Saturday, March 5, 2011

amber ipa - secondary fermentation

about two weeks out from starting the ale, the airlock has stopped bubbling and its time to transfer my beer to a secondary fermenter to mature for another month. i start by sanitizing my secondary fermenter. i use the plastic 5 gallon bucket for primary fermentation and move to the 5 gallon glass carboy for secondary fermentation. usually i use an oxidizing powder to sanitize since you don't have to rinse before adding your beer. because i ran out, i am just using household bleach. i pour about a cup into the carboy and fill the rest with water, then get the siphon running to clear any contaminants.

 i rinse several times before i start transferring the beer. i probably over-rinse but i'm always concerned i will kill my yeast. in all reality, the amount of bleach left after even one rinse would be diluted to practically nothing in 5 gallons of beer, but i still don't take any chances.

opening the primary fermenter is one of my favorite steps. the immediate aroma of the immature beer with all of the hops that have been stewing together for the first two weeks is extremely refreshing.

the newly sanitized, and obsessively rinsed siphon is then gently dipped into my primary fermenter. i usually only put it in to a depth of 6-7 cm. this avoids any floating hops as well as all of the sludge on the bottom of the bucket, which i will talk about later.

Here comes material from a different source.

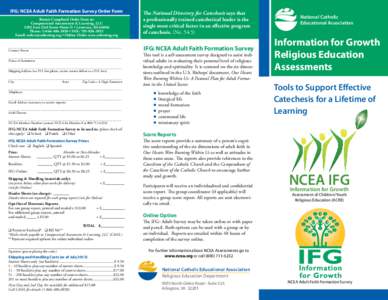 IFG: NCEA Adult Faith Formation Survey Order Form Return Completed Order Form to: Computerized Assessments & Learning, LLC 1202 East 23rd Street •Suite D • Lawrence, KS[removed]Phone: [removed] • FAX: [removed]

 i place the primary fermentation (in the bucket) on the counter before i start sanitizing to allow time for everything to settle to the bottom. once the glass carboy is sanitized and rinsed, i place it on the floor below. with a couple quick pumps of the siphon in the primary fermenter the vacuum has been started and gravity does the rest.

i carefully continue to lower the siphon into my beer in the primary fermenter as the level falls.

the reason for the gradual approach is that two weeks of fermentation have left a sludge of hops, specialty grain or barleycorn pieces, proteins, and mostly dead yeast cells at the bottom the fermenter (most of the living ones are still floating in the beer. in fact, ales, which ferment around room temperature, ferment towards the top as opposed to lagers, which ferment at cold temperatures and ferment towards the bottom). this sludge is what i would use if i wanted to propagate my yeast (though i have read it is better to start propagating yeast from the end of the secondary fermentation since it wont contain the hops or other particulate matter) but i have not started doing this yet.

it is important to stop siphoning before you start to suck all of this into the secondary fermenter if you want a cleaner product. at the same time, i don't worry if some gets transferred since there is always the last transfer to a bottling bucket that allows yet another chance to purify before the final product.

next i add the sanitized airlock and place the ale in a dark place (since light adversely affects taste)

in the last step i taste some of the remnant beer remaining on top of the sludge in the bucket. sure it is flat, but you know right away if you made a mistake. hasn't happened yet. it tastes crisp, very hoppy and immaturely bitter, pungently alcoholic (this will end around 9%), and has a caramel finish. the other flavors will come with time, but i can tell it is going to be a good one. my wife agrees.